• **Material for the task**:
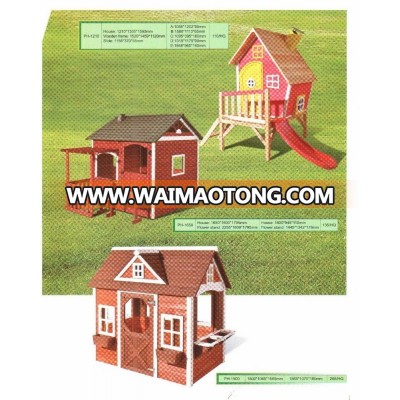 Outdoor Wooden Children Playhouse for Kids Game Slide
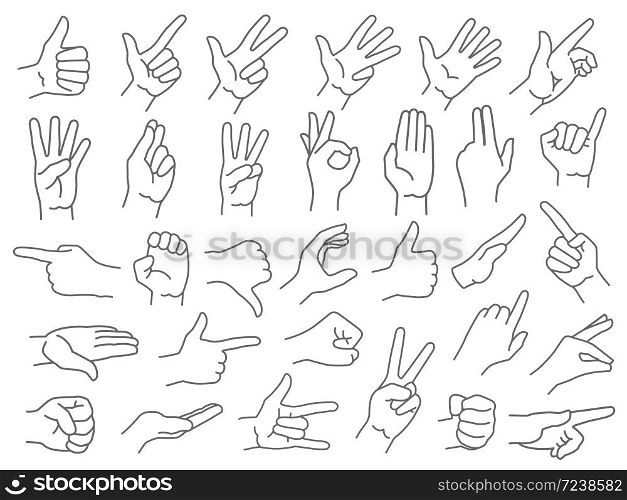 Line hands gestures. Like and dislike hand gesture icon, pointing finger and strong fist icons vector illustration set. Gesture hand, finger line and palm gesturing. Line hands gestures. Like and dislike hand gesture icon, pointing finger and strong fist icons vector illustration set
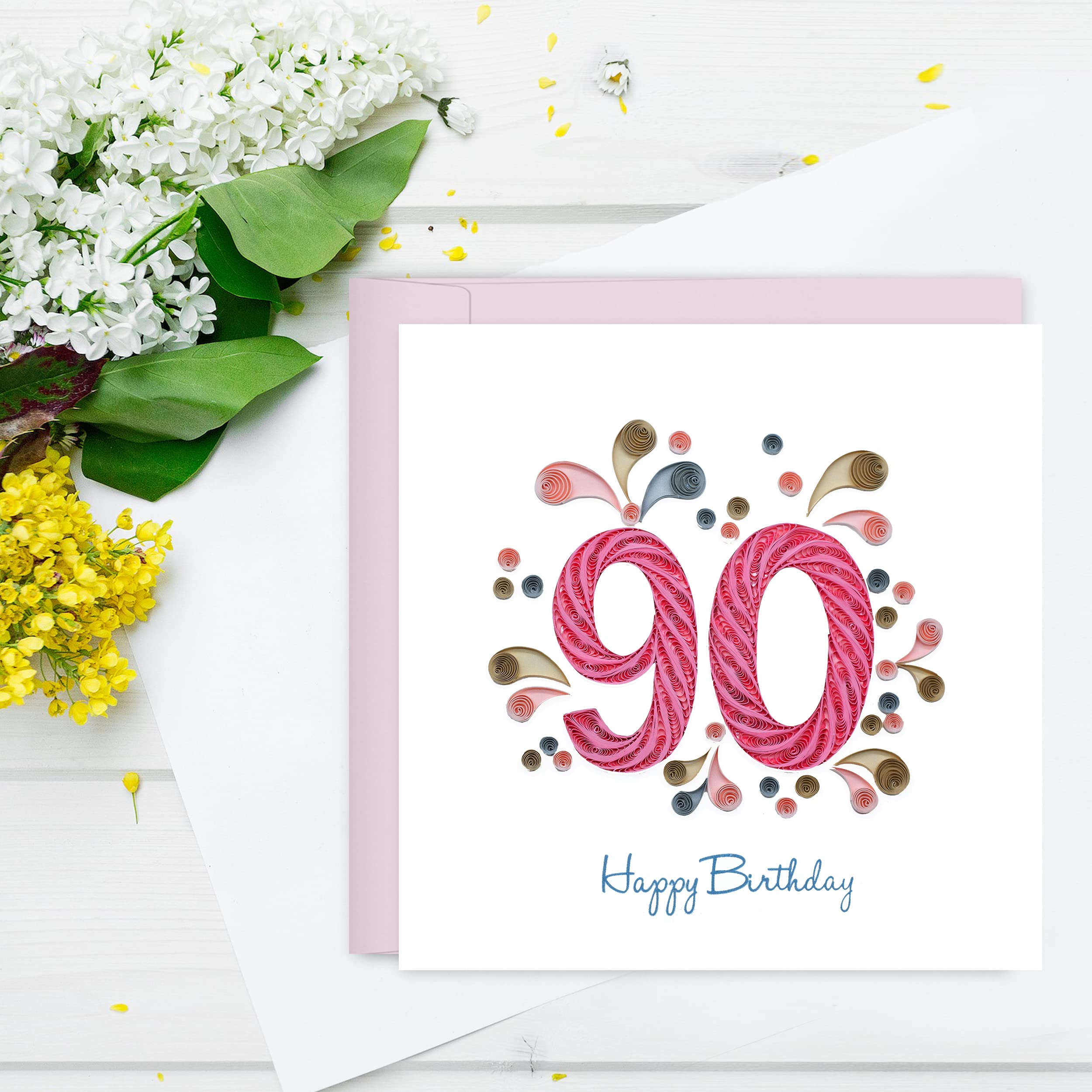 90th Birthday Quilling Card - Elegant Handmade 90 Design with Heartfelt Message Inside | Perfect for Milestone Celebrations & Gift Giving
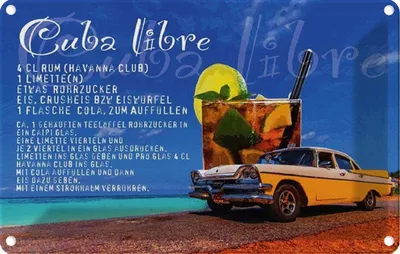 Produktbild von vianmo Blechschild 20x30 cm Cuba Libre Rezept Rum Alkohol Essen Trinken Bar Club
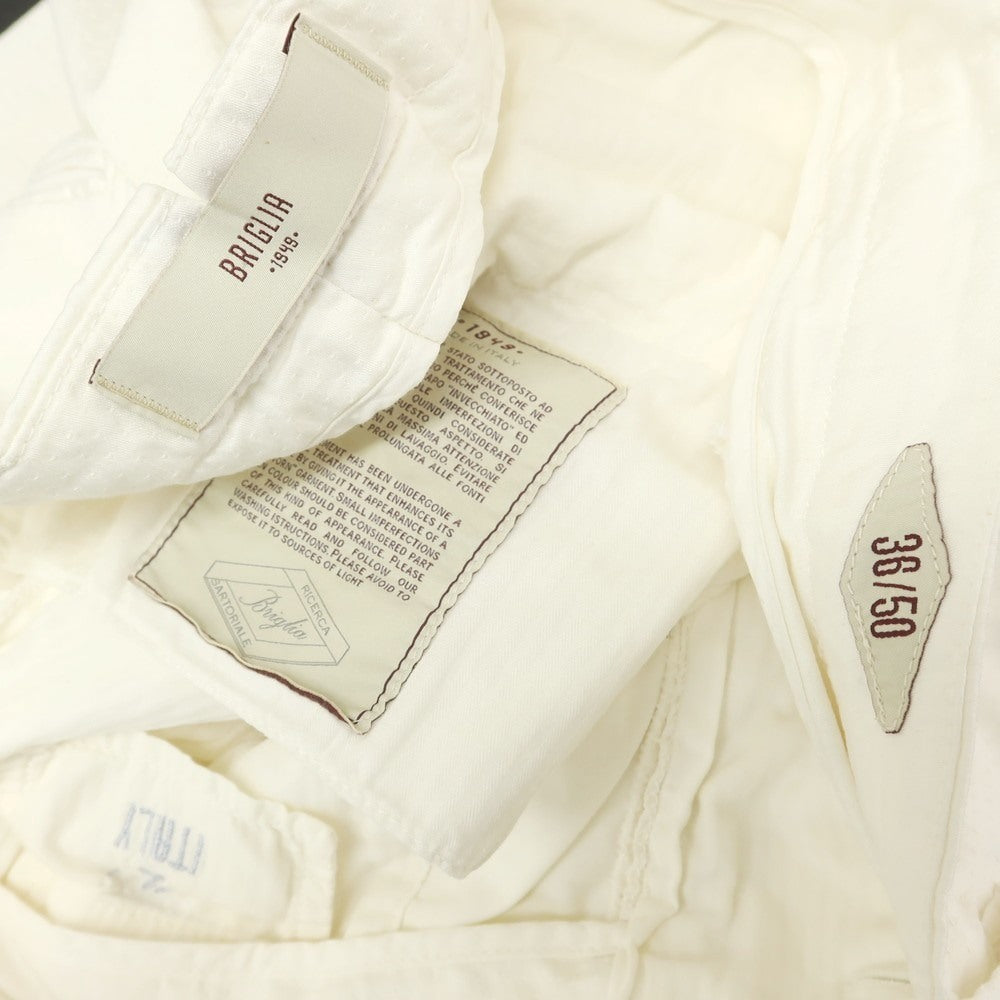[Used] BRIGLIA 1949 Stretch Cotton Casual Slacks Pants White [36] [Condition Rank B] [Men&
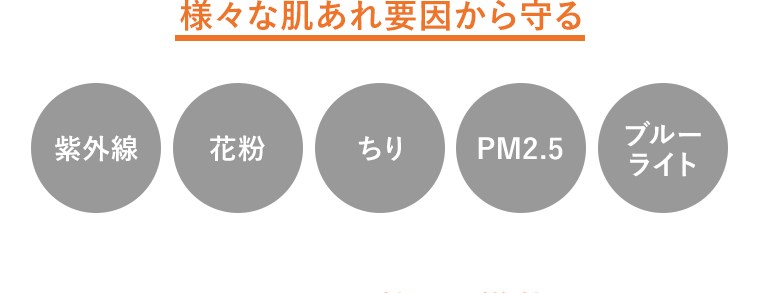 様々な肌あれ要因から守る 紫外線 花粉 ちり PM2.5 ブルー ライト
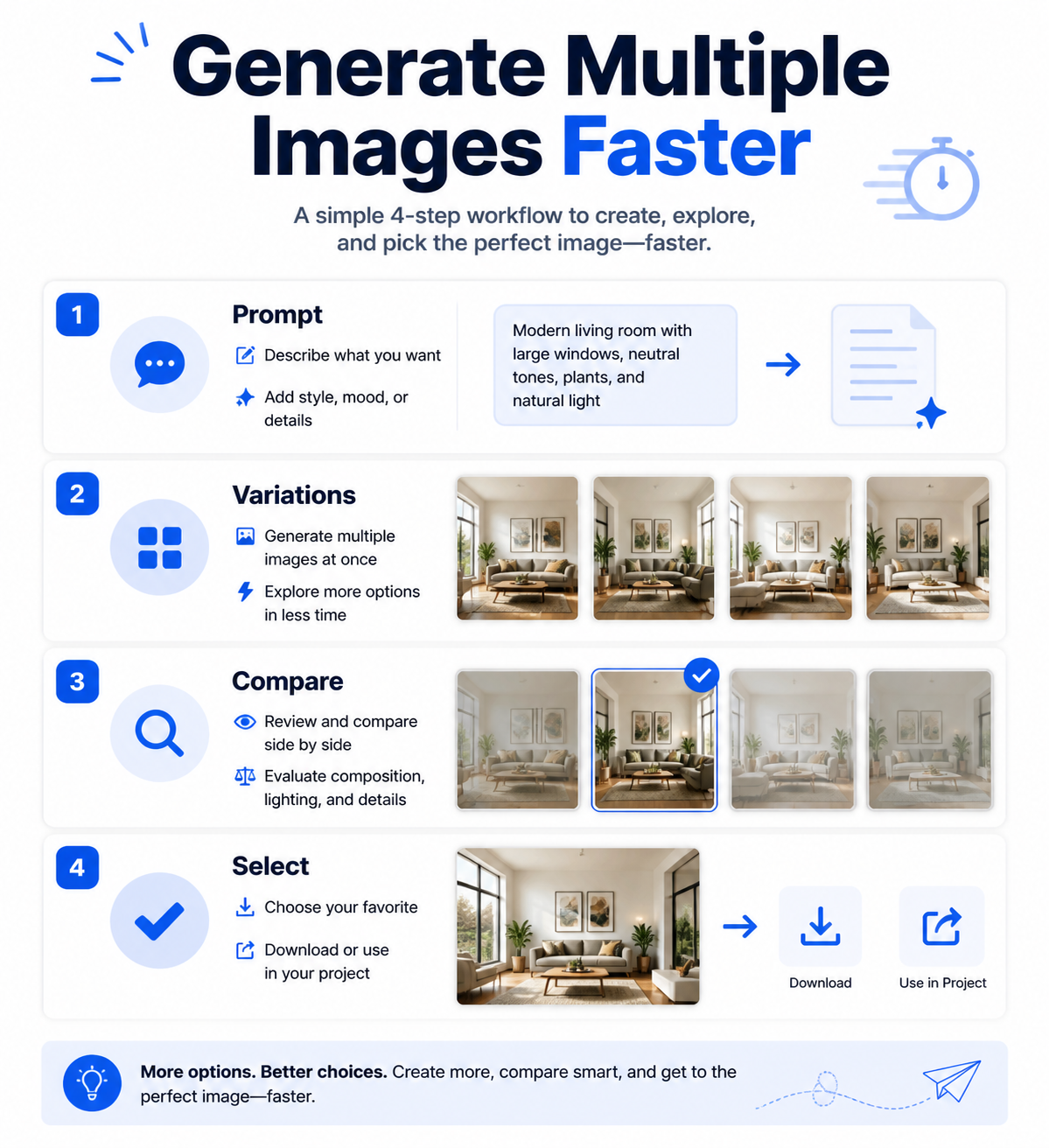 Workflow infographic showing prompt, generate, compare, and download steps for multi-image output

• **Try it**: The lines from the one containing "Produktbild von vianmo" up to and including the last line of the material above are to be given again exactly; any pictures are dropped.

• **Answer to this problem**:
 Produktbild von vianmo Blechschild 20x30 cm Cuba Libre Rezept Rum Alkohol Essen Trinken Bar Club
[Used] BRIGLIA 1949 Stretch Cotton Casual Slacks Pants White [36] [Condition Rank B] [Men&
 様々な肌あれ要因から守る 紫外線 花粉 ちり PM2.5 ブルー ライト
 Workflow infographic showing prompt, generate, compare, and download steps for multi-image output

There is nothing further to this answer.